Сейчас, когда я пииту эти строки, я замечаю в этом некую константу нашей национальной психологии. Все признают, что Франция — страна рациональная, рассудительная и благоразумная, пожалуй, даже склонная к консерватизму. И потом, с интервалом в несколько десятков лет, река вдруг выходит из берегов и разрыв с прошлым кажется неизбежным. Но если перелистать века нашей истории, то мы увидим, что в конце концов все возвращается к ранее заведенному порядку и река возвращается в свои берега. Однако в каждой кризисной ситуации, вопреки своему историческому опыту, французы теряют веру в себя, сомневаются в силе коллективного разума и в возможности снова стать хозяином положения…

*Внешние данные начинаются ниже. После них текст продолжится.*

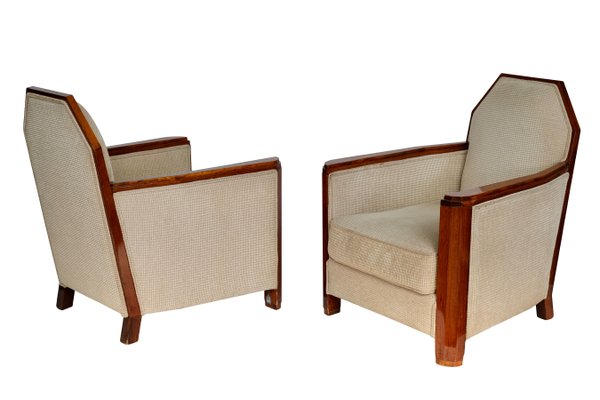 Art Deco Armchairs, 1990s, Set of 2-CXC-1756486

Меня вызвали в Лондон, чтобы направить в Военную миссию административной связи, которой руководил Буаламбер и на создании которой настаивал генерал де Голль. Американцы разработали проект управления освобожденными французскими территориями, Союзное военное управление для оккупированных территорий — AMGOT; над проектом работали в американских университетах, более чем тысяче пятистам человек было суждено установить во Франции что-то вроде англосаксонского управления. Им поручалось обеспечить на освобожденных территориях действительно союзное управление. Де Голль, опасаясь, что одна «оккупация» заменит другую и приведет к тем же последствиям, в 1943 году создал «Военный корпус административной связи», подведомственный непосредственно Французскому комитету национального освобождения и сформированный из французских офицеров. Этье де Буаламберу в 1944 году было поручено сформировать и возглавить эту организацию. Более тысячи двухсот офицеров, таким образом, подготовили и направили «во все места дислокации и во все подразделения союзников, чтобы обеспечить их связь с французским населением, восстановить административные органы и заменять их там, где это будет необходимо».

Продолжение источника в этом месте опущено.